DEC reviews environmental commitments from 1999 charter agreement with state BP, Phillips online with extra-regulatory work companies committed to when ARCO Alaska purchased
By Kristen Nelson PNA Editor-in-Chief
BP and Phillips are meeting commitments the companies made for extra-regulatory environmental work as a part of the 1999 charter agreement with the state, Commissioner Michele Brown of the Alaska Department of Environmental Conservation said March 28 when DEC released its first report on the commitments.
Environmental commitments included: an average of $200,000 a year for 10 years on Arctic spill response research and development projects agreed to by DEC; acceleration of the transition to double-hulled tankers beyond requirements of Oil Pollution Act of 1990; up to $500,000 per year for state to retain expertise on corrosion monitoring and related practices; BP to spend $10 million through 2007 to clean up 14 North Slope abandoned sides; BP and Phillips to collect and dispose of abandoned empty barrels found on the North Slope; accelerated cleanup of approximately 41 North Slope sites for which the companies are responsible.
Brown said the environmental pledges in the charter “are unprecedented. Never before has the resolution of antitrust concerns in a commercial merger of this scale included environmental terms.”
Ross Klie, business unit leader for health, safety and environment for BP in Alaska said that BP recognized when it signed the charter, “that our actions would be judged and those actions need to be squared with the promises that we made in signing the charger.”
Orders have been placed for three state-of-the-art double-hulled tankers, he said, the first to be delivered in 2003. BP is working with the state to identify the abandoned sites for cleanup over the next 5 years, “these are sites we didn’t create and are not responsible for, but we’ve taken responsibility through the charter,” Klie said.
Ken Donajkowski, manager of health, environment, safety and training for Phillips Alaska, said “Phillips views the charter as an important subset of our commitment to safety and environmental stewardship in the state.”

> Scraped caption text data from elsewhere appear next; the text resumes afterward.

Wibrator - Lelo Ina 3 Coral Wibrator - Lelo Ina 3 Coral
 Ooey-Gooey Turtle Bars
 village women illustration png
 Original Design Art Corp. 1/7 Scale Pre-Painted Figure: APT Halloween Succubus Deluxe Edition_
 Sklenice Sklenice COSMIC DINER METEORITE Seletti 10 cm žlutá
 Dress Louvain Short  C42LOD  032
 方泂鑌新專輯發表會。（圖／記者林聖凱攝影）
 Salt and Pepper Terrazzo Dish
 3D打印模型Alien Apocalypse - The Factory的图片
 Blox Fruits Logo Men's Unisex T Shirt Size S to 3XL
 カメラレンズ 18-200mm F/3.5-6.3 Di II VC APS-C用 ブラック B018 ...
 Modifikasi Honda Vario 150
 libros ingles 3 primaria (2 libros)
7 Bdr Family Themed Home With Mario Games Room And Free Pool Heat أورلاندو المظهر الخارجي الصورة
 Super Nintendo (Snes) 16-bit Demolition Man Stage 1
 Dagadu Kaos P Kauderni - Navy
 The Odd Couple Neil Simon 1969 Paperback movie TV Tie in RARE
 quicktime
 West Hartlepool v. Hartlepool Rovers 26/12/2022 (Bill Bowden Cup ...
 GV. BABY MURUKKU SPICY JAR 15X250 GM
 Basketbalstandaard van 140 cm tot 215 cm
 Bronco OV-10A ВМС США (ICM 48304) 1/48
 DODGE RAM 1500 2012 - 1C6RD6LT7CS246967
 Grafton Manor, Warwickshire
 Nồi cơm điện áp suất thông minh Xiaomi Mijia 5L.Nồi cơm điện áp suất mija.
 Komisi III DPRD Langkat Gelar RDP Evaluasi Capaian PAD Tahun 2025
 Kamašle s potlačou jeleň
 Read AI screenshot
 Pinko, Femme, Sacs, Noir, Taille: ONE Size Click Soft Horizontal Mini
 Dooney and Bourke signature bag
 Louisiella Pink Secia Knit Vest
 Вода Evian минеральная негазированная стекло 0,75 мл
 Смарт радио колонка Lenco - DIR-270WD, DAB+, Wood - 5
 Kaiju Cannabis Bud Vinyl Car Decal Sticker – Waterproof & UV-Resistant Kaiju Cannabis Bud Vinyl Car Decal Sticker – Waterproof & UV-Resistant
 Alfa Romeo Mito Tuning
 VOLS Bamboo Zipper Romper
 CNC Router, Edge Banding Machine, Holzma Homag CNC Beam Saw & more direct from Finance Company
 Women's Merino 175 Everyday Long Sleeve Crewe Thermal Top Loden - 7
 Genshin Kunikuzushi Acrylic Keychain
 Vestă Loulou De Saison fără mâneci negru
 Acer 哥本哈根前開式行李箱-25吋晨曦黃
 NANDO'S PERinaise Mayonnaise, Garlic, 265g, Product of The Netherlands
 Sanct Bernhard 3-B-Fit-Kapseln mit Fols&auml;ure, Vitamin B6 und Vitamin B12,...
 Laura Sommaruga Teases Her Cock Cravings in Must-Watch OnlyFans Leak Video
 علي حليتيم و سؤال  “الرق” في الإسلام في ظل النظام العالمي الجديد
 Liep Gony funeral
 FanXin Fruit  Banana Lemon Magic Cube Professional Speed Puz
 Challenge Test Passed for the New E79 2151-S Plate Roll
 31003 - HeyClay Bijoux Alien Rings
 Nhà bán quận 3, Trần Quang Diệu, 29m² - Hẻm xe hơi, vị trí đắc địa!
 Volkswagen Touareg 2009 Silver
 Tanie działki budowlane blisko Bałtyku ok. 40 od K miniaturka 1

Orphan sites from 1980s Brown said the orphan abandoned sites were ones where “people either ran out of money and walked away … or they contest their liability. They’re ones that we would have to either litigate to get someone to clean up, or we would have to pay out of state funds.”
Many of these sites are from the early days of oil development, said Susan Harvey, manager of DEC’s industry preparedness and pipeline program, but they vary through time, she said, and range up to the 1980s when many operators went bust “or left the slope without completing their obligations and we don’t have responsible parties.”
Brown said the state did not expect future problems from current activities because “there are commitments in terms of how people do their practices that prevent that kind of contamination. Plus if there is a company that’s viable we go after them directly to do the cleanup.” Accelerating pit cleanup BP’s Klie said most of the sites BP is responsible for “actually are old technology” when reserve pits were used to capture muds and cuttings and drilling waste.
Today, he said, “we take all that material as it comes out of the ground, put it through a ball mill, grind it up into very fine particles and then slurry that in water and re-inject it into injection layers.”
Since reserve pits aren’t being created anymore on the North Slope there are a finite number of old reserve pits up there.
“We’re committed to cleaning them,” Klie said, “so once we get to those, then they should be gone and should be gone forever.”